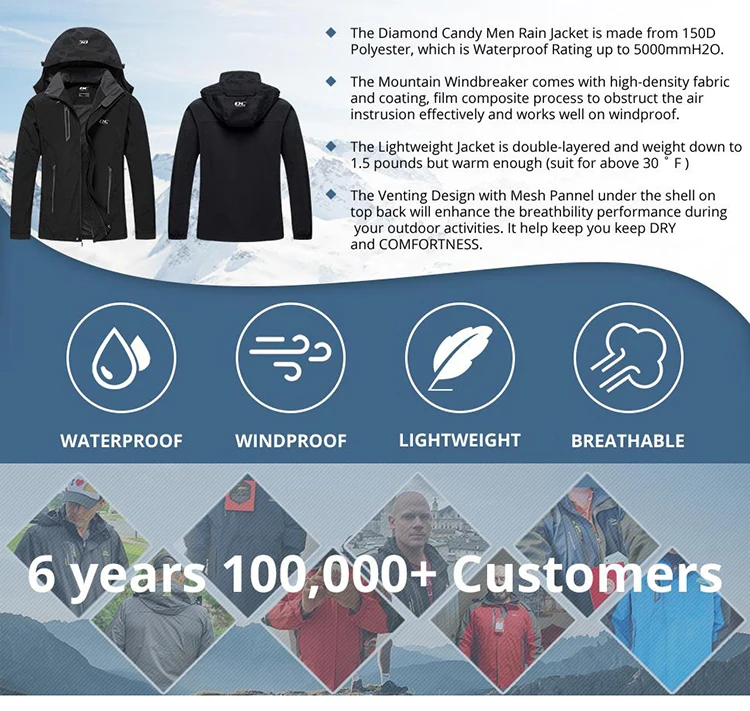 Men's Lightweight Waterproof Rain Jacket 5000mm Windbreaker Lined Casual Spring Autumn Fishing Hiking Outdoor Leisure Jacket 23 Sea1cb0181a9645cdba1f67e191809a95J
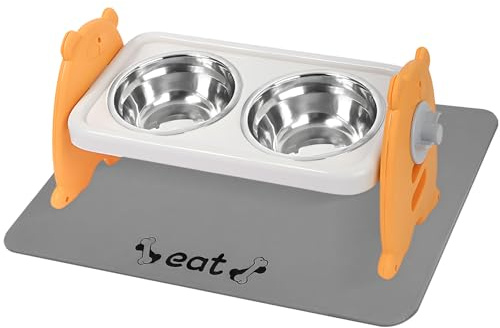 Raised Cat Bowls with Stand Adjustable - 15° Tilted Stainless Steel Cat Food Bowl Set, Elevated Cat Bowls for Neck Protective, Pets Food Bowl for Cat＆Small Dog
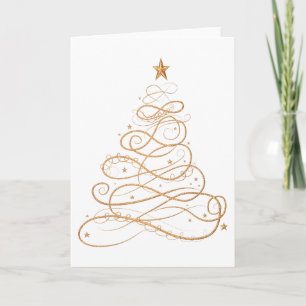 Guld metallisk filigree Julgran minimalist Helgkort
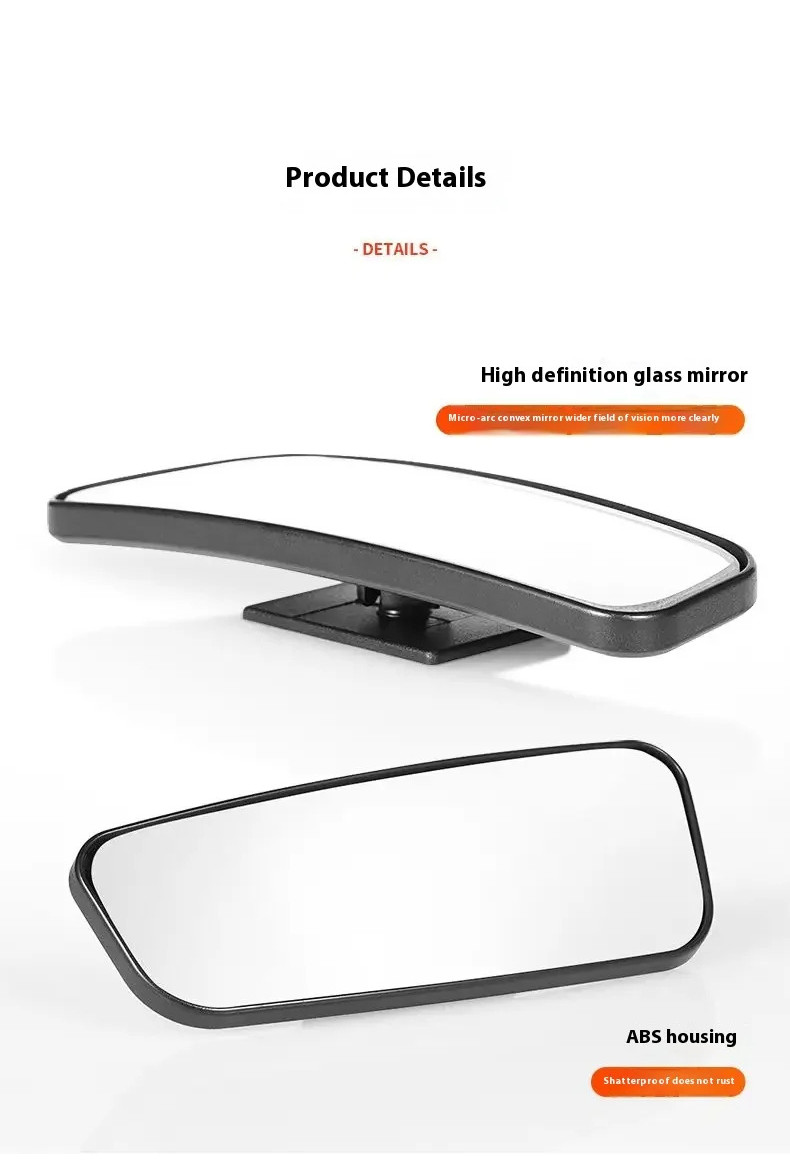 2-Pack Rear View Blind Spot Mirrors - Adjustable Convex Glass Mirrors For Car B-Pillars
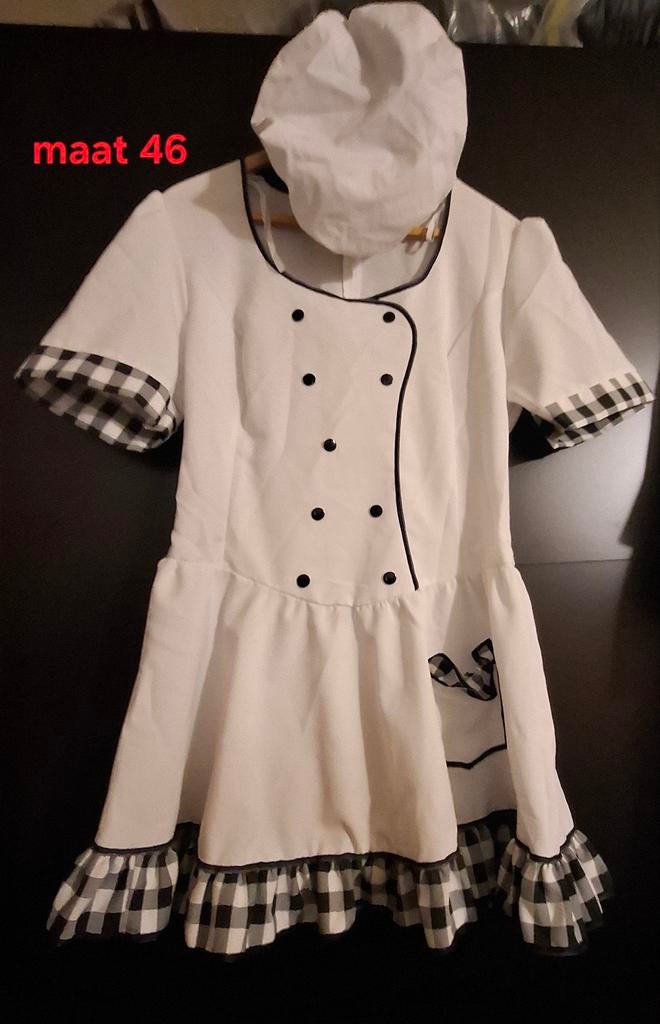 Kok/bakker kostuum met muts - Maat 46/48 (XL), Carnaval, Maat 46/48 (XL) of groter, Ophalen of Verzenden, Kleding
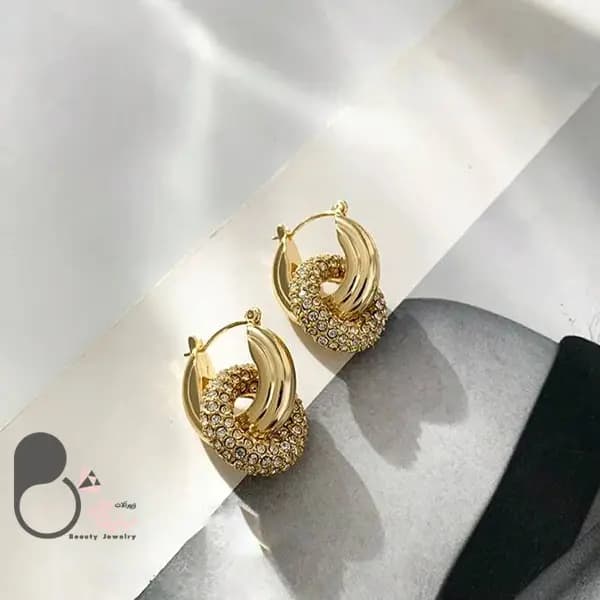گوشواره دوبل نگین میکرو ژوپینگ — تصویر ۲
..........
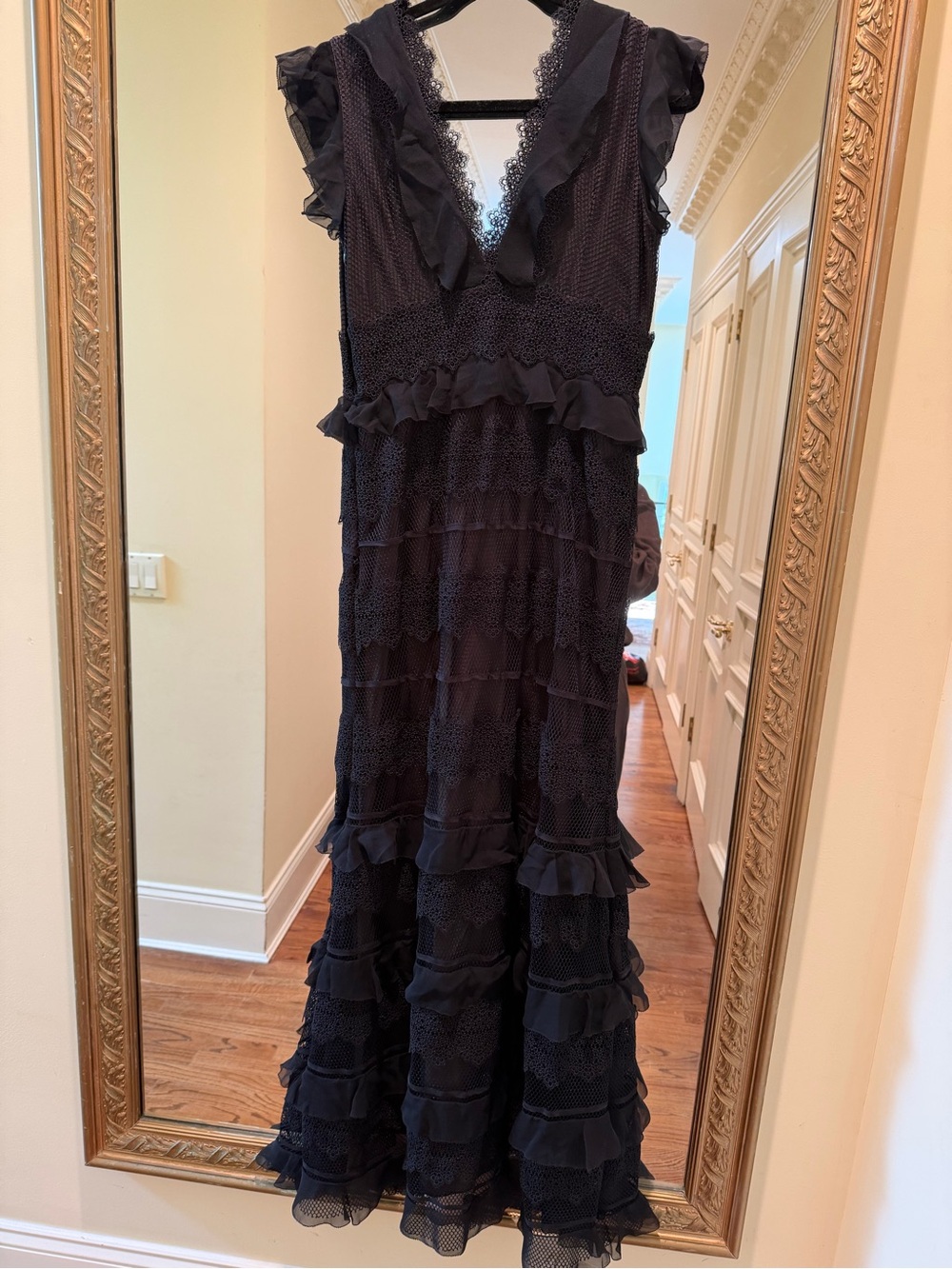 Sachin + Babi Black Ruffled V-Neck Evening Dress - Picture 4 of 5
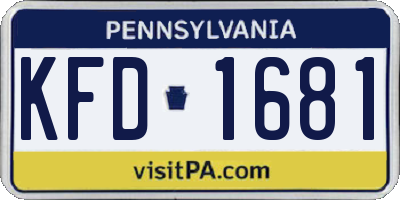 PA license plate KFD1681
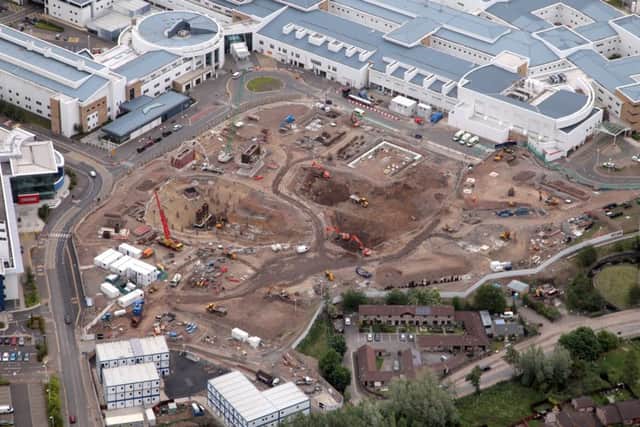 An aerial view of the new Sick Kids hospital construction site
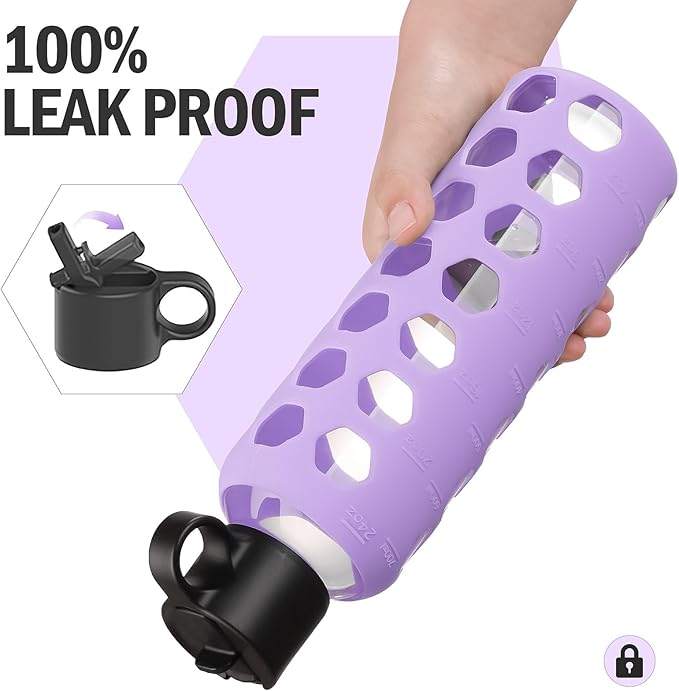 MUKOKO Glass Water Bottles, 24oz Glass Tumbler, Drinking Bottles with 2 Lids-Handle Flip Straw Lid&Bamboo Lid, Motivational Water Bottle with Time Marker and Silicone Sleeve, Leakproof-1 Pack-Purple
..........
▸ **Work task**: Transcribe exactly the lines above, beginning at the one with "An aerial view" and going up to and including the one with "MUKOKO Glass Water". Pictures do not belong in the copy.

▸ **Exercise result**:
 An aerial view of the new Sick Kids hospital construction site
 MUKOKO Glass Water Bottles, 24oz Glass Tumbler, Drinking Bottles with 2 Lids-Handle Flip Straw Lid&Bamboo Lid, Motivational Water Bottle with Time Marker and Silicone Sleeve, Leakproof-1 Pack-Purple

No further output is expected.